La vicenda giudiziaria era iniziata nel 2018 su iniziativa di quattro Ong e sostenuta da oltre 2,3 milioni di cittadini con una petizione online.

L’obiettivo era dimostrare l’inazione climatica dello Stato per quanto riguarda gli obiettivi – fissati dalla legge francese – volti a ridurre le emissioni di CO2 in linea con gli accordi di Parigi del 2015.

I giudici amministrativi, si legge in una nota di Greenpeace e Oxfam, hanno riconosciuto la responsabilità dello Stato per non aver rispettato i suoi impegni contro il surriscaldamento climatico e hanno condannato lo Stato a versare la somma simbolica di un euro alle associazioni.

Non è una cosa di poco conto: la decisione, infatti, evidenzia il tribunale parigino, riconosce l’esistenza di un “pregiudizio ecologico” legato al cambiamento climatico.

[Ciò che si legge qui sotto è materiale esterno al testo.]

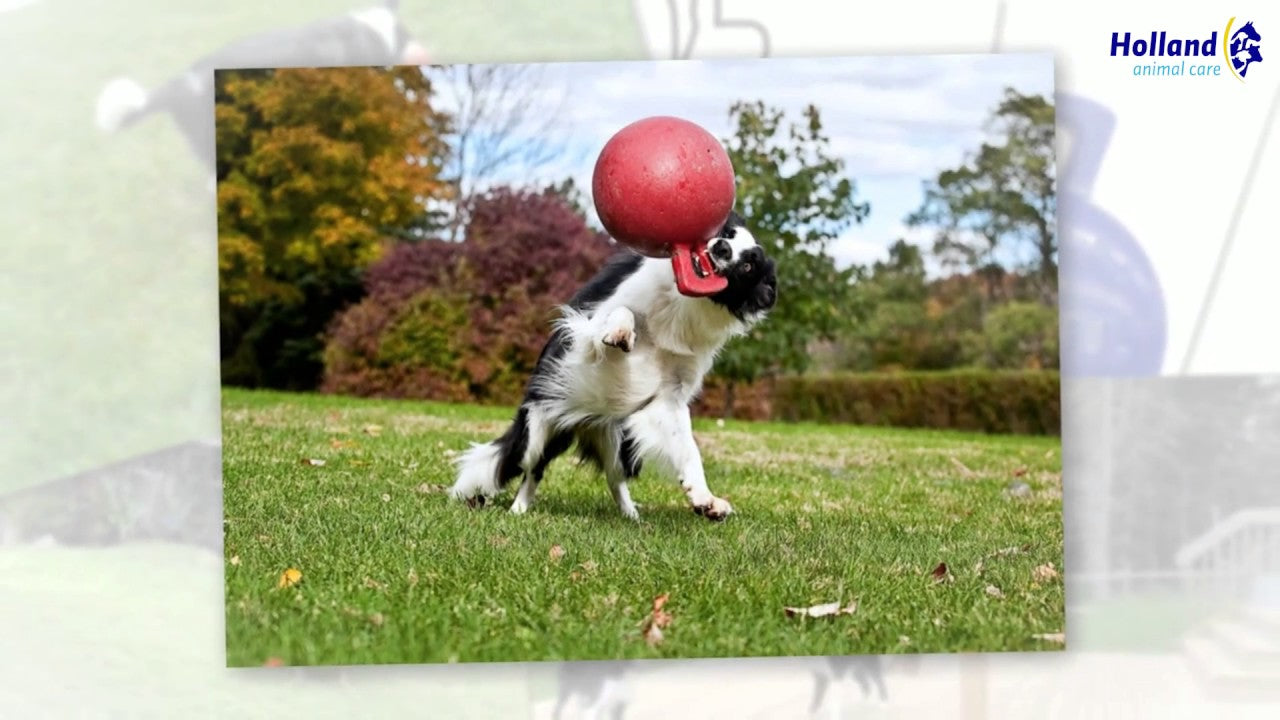 Jolly Tug-n-Toss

E tale pregiudizio, osservano le Ong, per la prima volta è stato esteso a un soggetto pubblico che, di conseguenza, può essere ritenuto responsabile (al pari di un soggetto privato) dei danni causati all’ambiente.

Così il tribunale amministrativo si è dato altri due mesi per un supplemento istruttorio.

In sostanza, spiegano le Ong, i giudici potrebbero condannare lo Stato francese a prendere misure più efficaci per contrastare la crisi climatica e prevenire un suo aggravamento.